The patent system gives inventors who publicly disclose their work special protection to guarantee nobody copies their ideas without permission. As a result, inventors can share their work so society benefits from vibrant technology development, while the inventors’ ideas are protected from copycats. The patent system was created by the Constitution as a solution to this ‘inventor’s secrecy’ collective action problem.

 

Strategies for Collective Action Problems

Collective action problems are everywhere. The canonical example is fishermen who catch from a limited fish population. Each fisherman wants to catch as many fish as possible. But if every fisherman always catches as many fish as possible then there will be no fish left. This outcome is called the “tragedy of the commons.” If each fisherman overfishes then each will actually catch fewer total fish than they would if all the fishermen agreed to catch fewer fish to preserve the fish breeding population.

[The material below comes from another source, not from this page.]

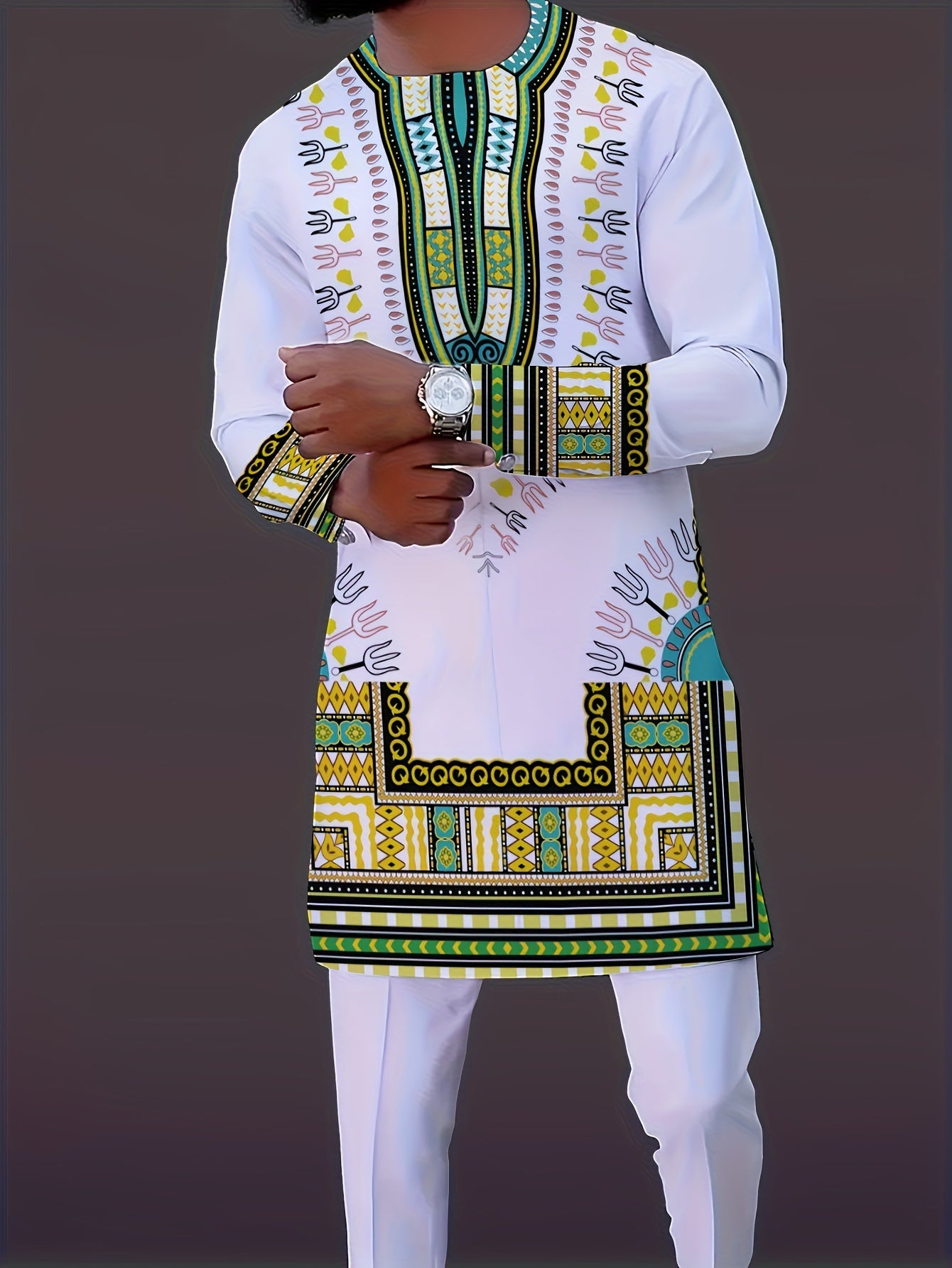 Showlu men's African tribal pajama set with white geometric pattern, featuring comfortable fabric and traditional design elements.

There are countless examples of collective action problems in every walk of life, from freeloaders on power lines to responding to environmental harm. The defining feature of all collective action problems is that individual, self-interested rationality will actually fail to maximize individual utility. Cooperation to an individual’s immediate detriment will actually result in improved outcomes for that individual, a perverse and paradoxical dilemma.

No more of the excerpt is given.